A new research field in which the project leader has achieved notable success is the archaeology of salt in prehistory. Following the research of the area around the Poduri-Dealul Ghindaru, Solca-Slatina Mare, Lunca-Poiana Slatinei and Cucuieţi-Slatina Veche sites, and due to the numerous field research activities, a number of salt-water springs which have been used since the Neolithic, Chalcolithic and Bronze-Age were identified. Alongside M. Alexianu, and Gh. Dumitroiaia, the project leader is an initiator of the ethno-archaeological investigations of the Romanian salt-water springs. Their ethno-archaeological research and contributions are widely known and cited abroad.

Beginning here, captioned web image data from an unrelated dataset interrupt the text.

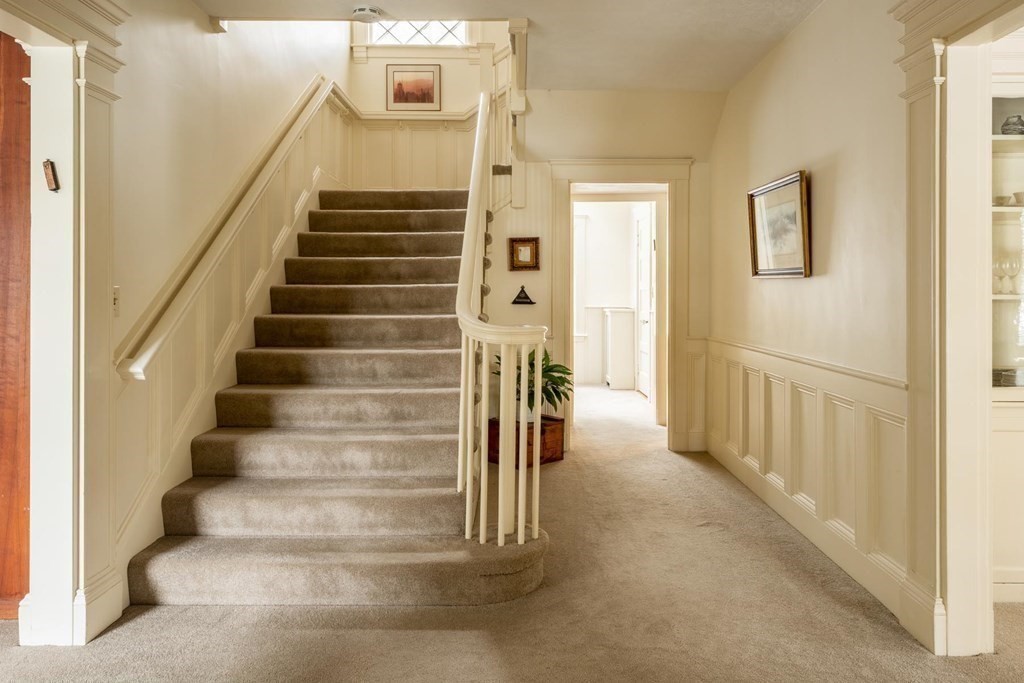 46 Pine Ridge Road Newton, MA 02468 - Photo 2 of 18 a view of entryway and hall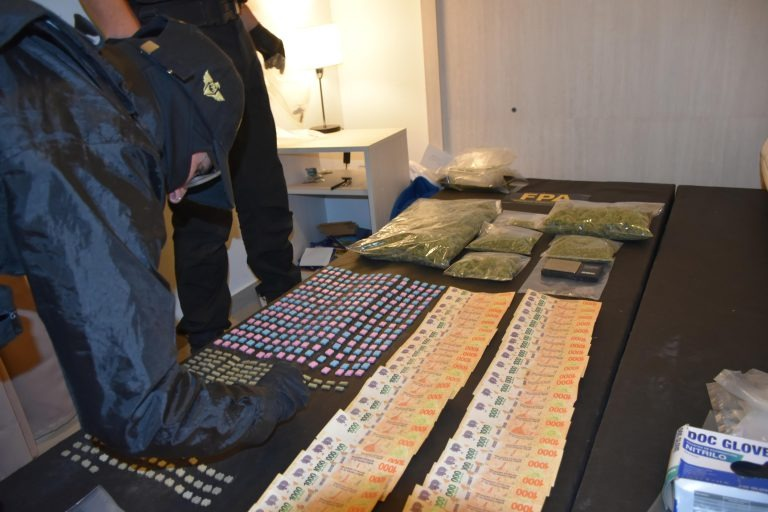 Dos detenidos en un allanamiento por posesión de drogas en barrio Güemes | Córdoba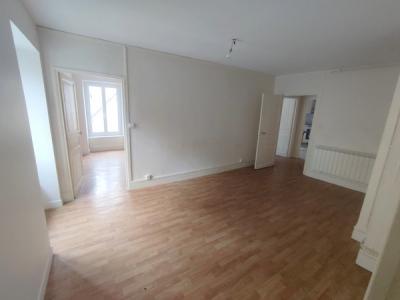Location Appartement SAINT-GERVAIS-D'AUVERGNE 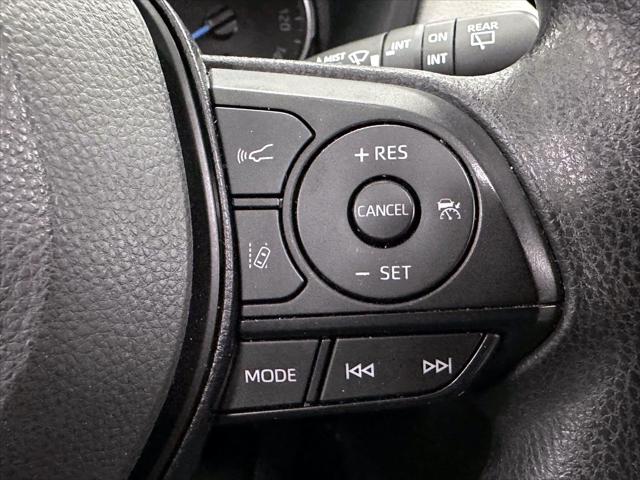 2022 Toyota RAV4 Hybrid XLE [19]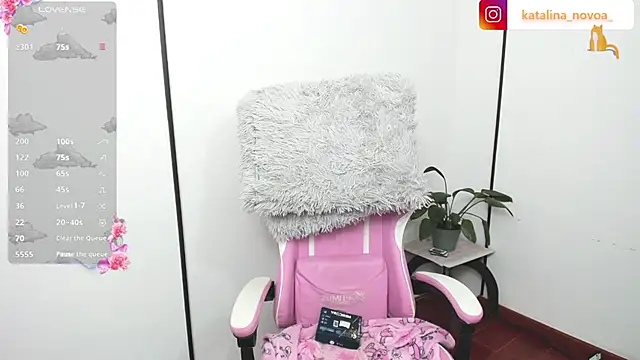 Katalina novoa online show from 06/12/26, 01:59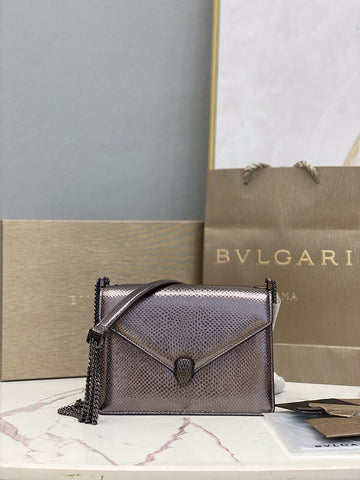 VS - Latest - 079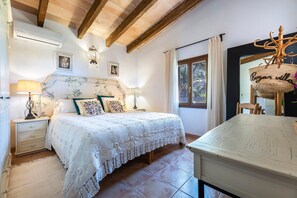 2 habitaciones, tabla de planchar con plancha y wifi gratis 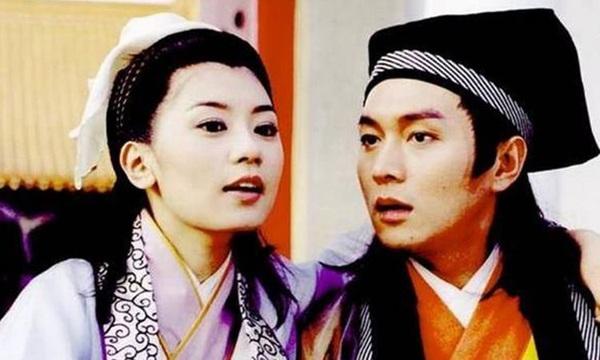 Trai đẹp Cbiz cung phụng vợ nhưng bị lừa mất 40 tỷ, còng lưng kiếm tiền nuôi con tu hú-3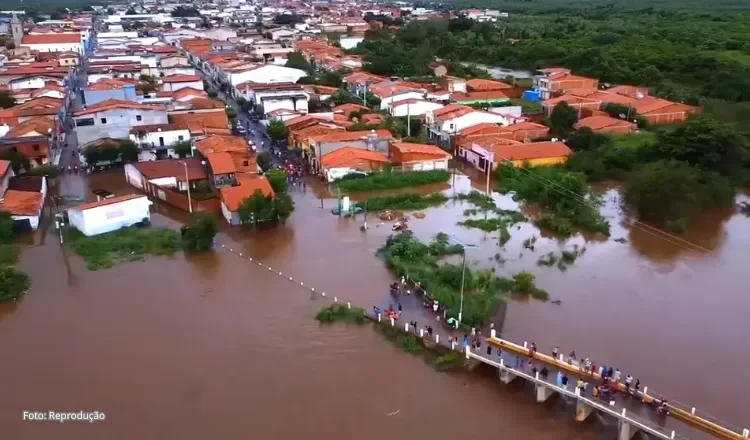 Cheia do Rio Coreaú invade casas e leva município a decretar emergência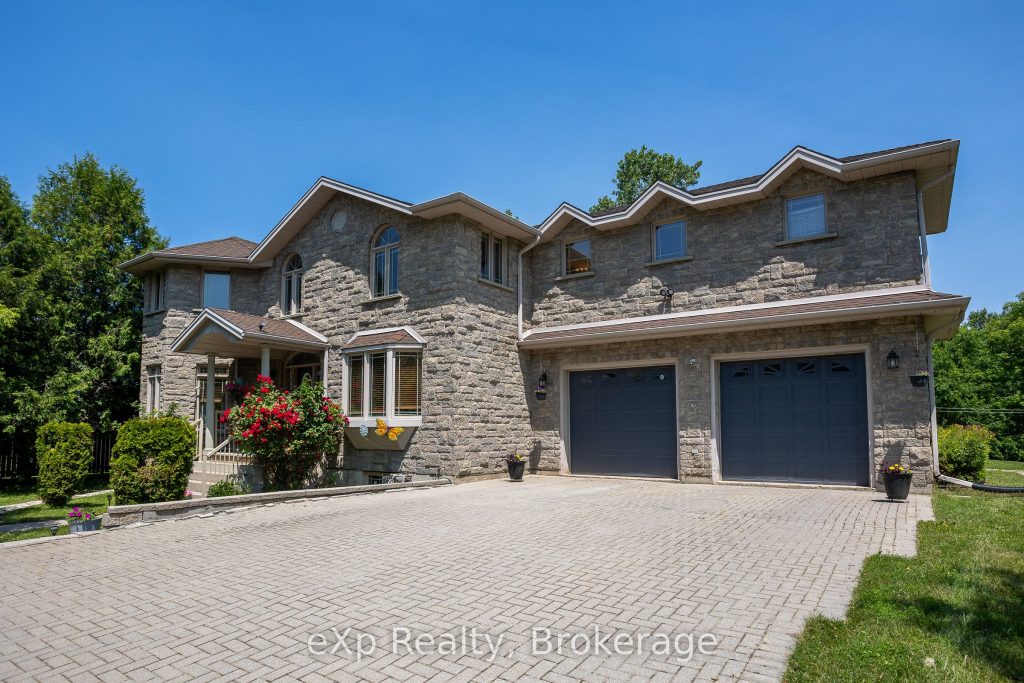 5-bedroom detached home for sale in Grey County — 910 26th Street E (Photo 1)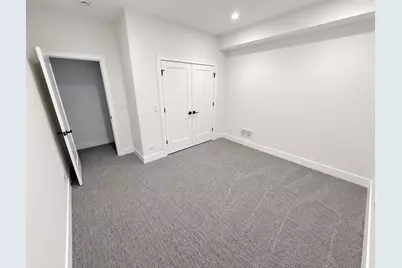 6732 N Oxford Avenue, Chicago, IL 60631 - Photo 18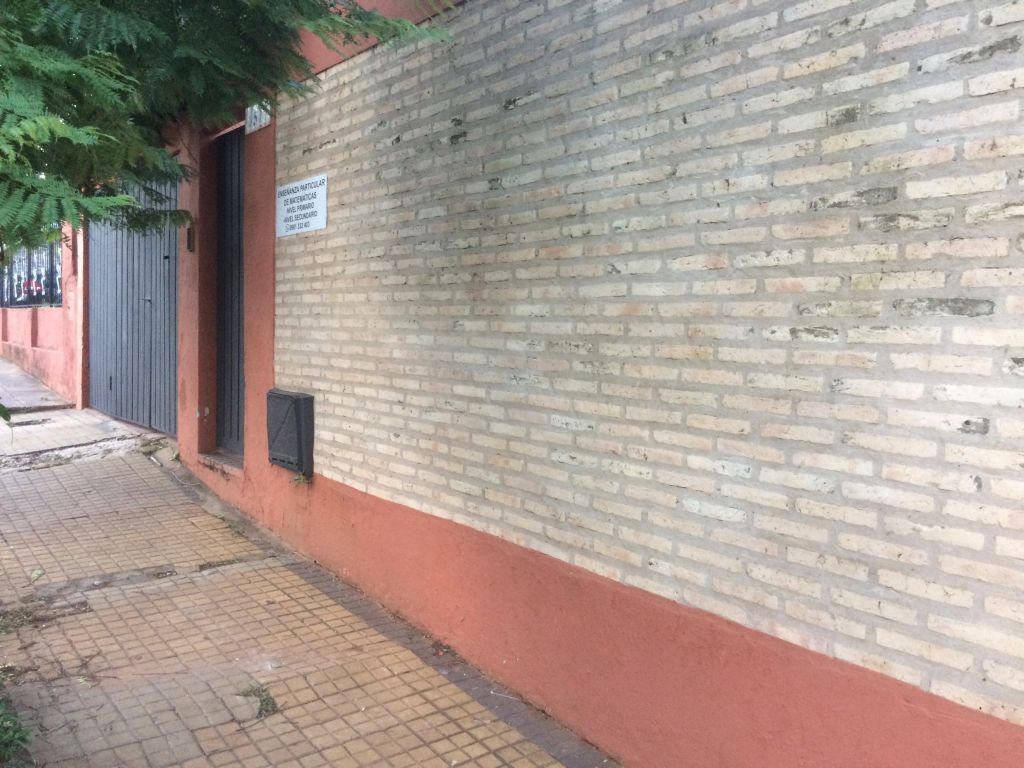 VENDO CASA EN ASUNCIÓN. AL COSTADO DE LA PLAZA CARMEN DE LARA BARRIO SAN PABLO. — foto 2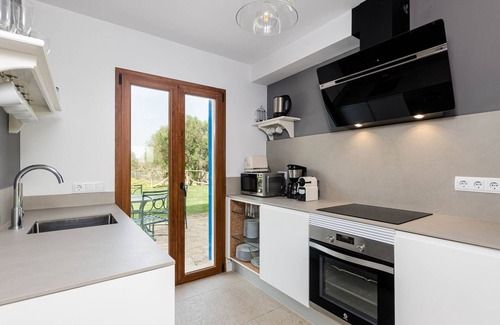 Maria de la Salut Villa | YourHouse Carrera Plana, modern country house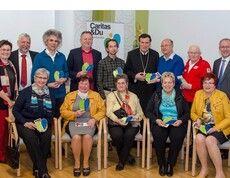 Galaabend Amstetten Pfarrcaritas Gruppenfoto 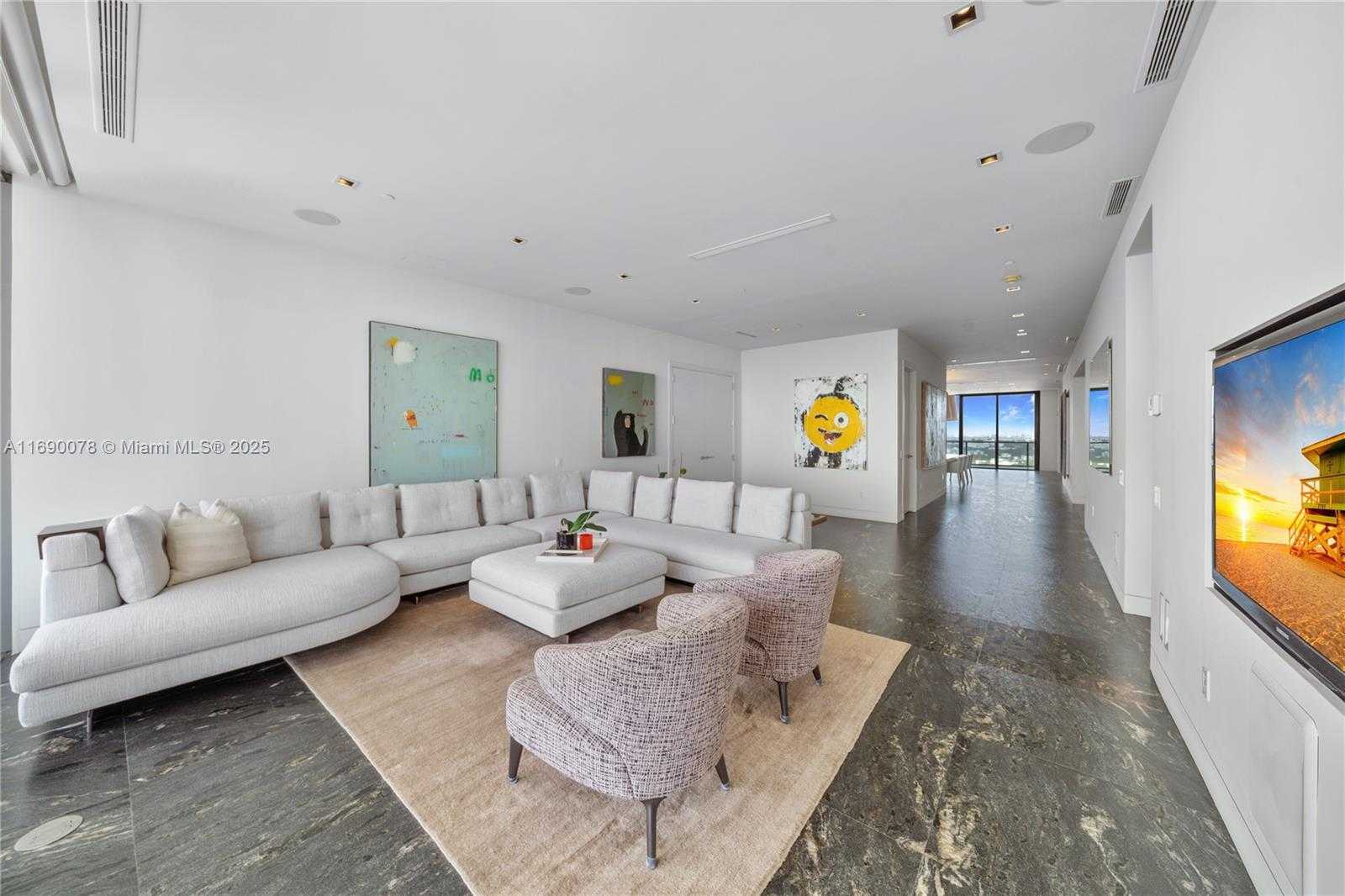 Small Image of 800 SOUTH POINTE DR #2002, Miami Beach Number 23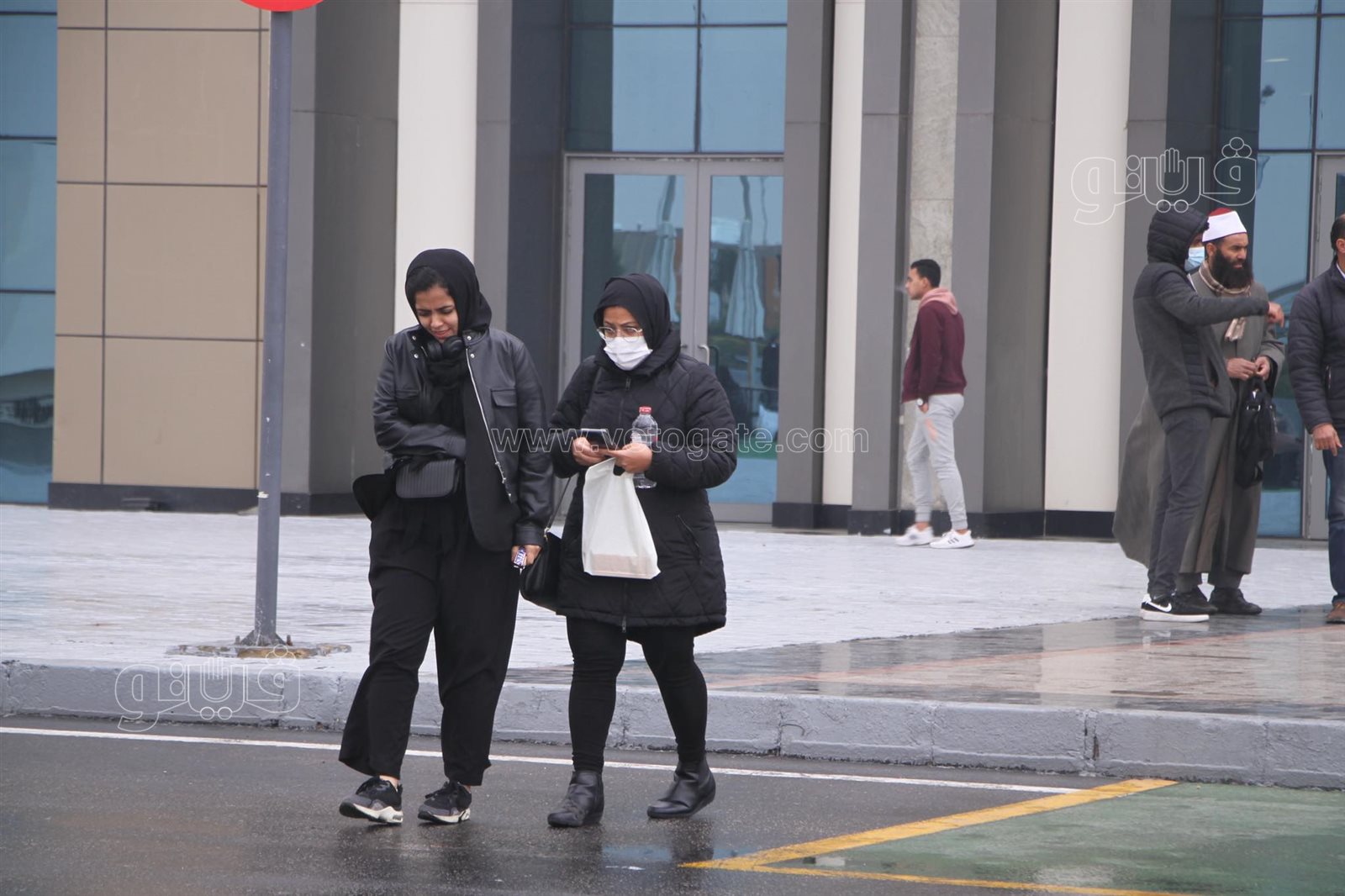 توافد الزوار على معرض الكتاب رغم موجة الطقس السيئ (17)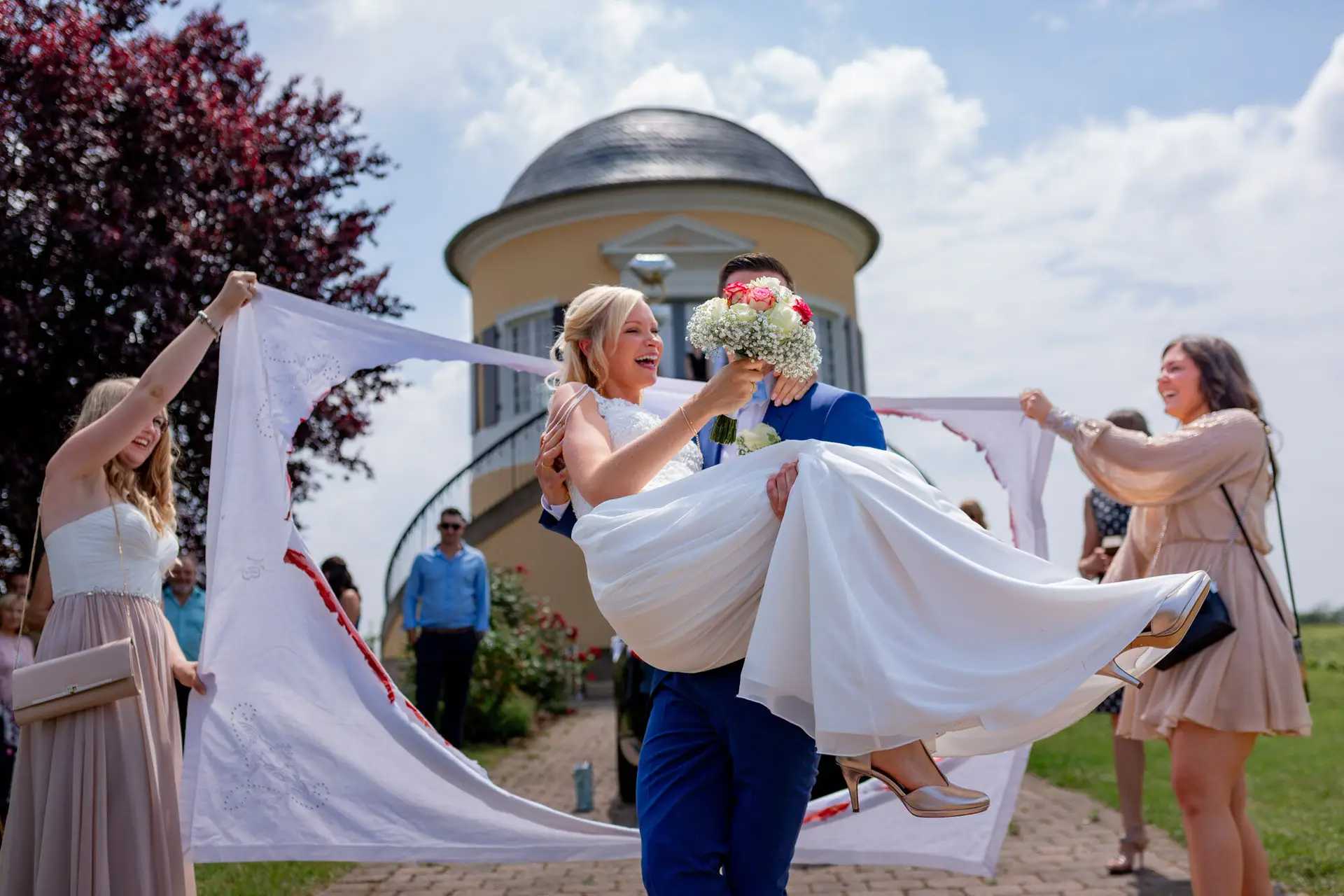 Kevin trägt Liane durch das ausgeschnittene Herz – Hochzeitsspiel am Schlosspavillon
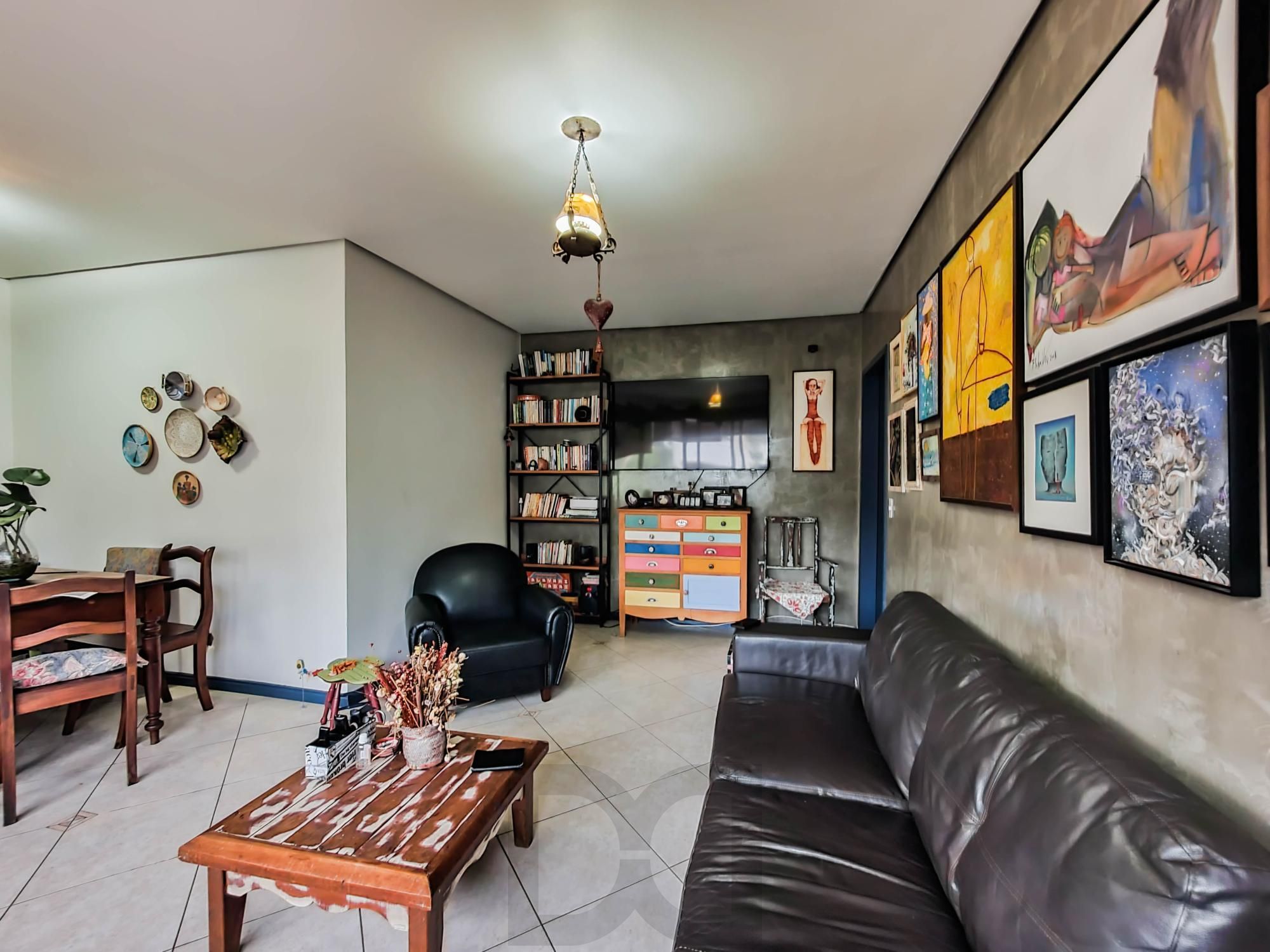 Amplo apartamento de 2 dormitórios, sendo 1 suíte, e uma  ótima dependência de empregada, 3 banheiros, em localização privilegiada no  Bairro Cristal. — foto 4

The visibility of the scientific contributions As part of the inter-academic exchange programs, the project manager has been invited to: Durham University, University College London, Cambridge and Oxford (September-November 2001), Durham, Oxford and Cardiff (May 5th-18th, 2003); Durham, Exeter, Cardiff, Oxford, University College London (November 1st-28th, 2004); Reial Academia des Doctores, Barcelona (December 8th-18th, 2003); Römisch-Germanischen Zentralmuseum, Mainz, Germany (October 17th – November 17 th, 2005). In 2001 he has delivered a series of four conferences at British universities: Religion and ritual in the Cucuteni-Tripolye Culture in the light of the evidence from anthropomorphic figurines, University of Durham, October 16th, 2001; Religious Beliefs as Reflected in Cucuteni Neolithic Anthropomorphic Figurines, University College London – Institute of Archaeology, October 23rd, 2001; Religious Ideas Reflected in Cucuteni Anthropomorphic Figurines, University of Cambridge – McDonald Institute for Archaeological Research, October 29th, 2001; Religious and Ritual Ideas Reflected by the Cucuteni Anthropomorphic Figurines, University of Oxford – Institute of Archaeology, November 6th, 2001.
Because of the interest stirred by the exciting discoveries from the Poduri-Dealul Ghindaru tell, the project manager was invited to deliver conferences at Institut für Ur- und Frühgeschichte Heidelberg, November 23rd 1988 (Die ausgrabungen in der Cucuteni Siedlung von Poduri) and at Université Nanterre, Paris, November 29th, 2003 (Bilan des recherches sur le tell de Poduri: apports et perspectives de la recherches sur Cucuteni). He was co-manager, toghether with O. Weller,Ph.D., of the PAI Brancusi „Aux origines de la production du sel en Europe : préhistoire et écologie des Carpates orientales roumaines”/ PAI Brancusi/ (2003/2004). He was part, as co-manager together with J. Chapman, Ph.D. and B. Gaydarska, Ph.D., of the The prehistoric exploitation of salt in Romania and Bulgaria research grant (2003-2006) (www.dur.ac.uk/j.c.chapman/research.htm). He has also been a member of the Prehistoric Salt Exploitation in Romania and Anatolia research grant (2002-2005), project manager – John Chapman, Ph.D., of the CNRS research grant entitled Les eaux de Moldavie roumaine, archéologie, histoire et écologie d’une ressource structurante du territoire, project manager – O. Weller, Ph.D., as well as co-manager, together with J. Chapaman, Ph.D., Dan Monah, Ph.d. and Gh. Dumitroaia, Ph.D., of the Research on Trade and Exchange in the Cucuteni-Tripolye Network research project (2001-2005).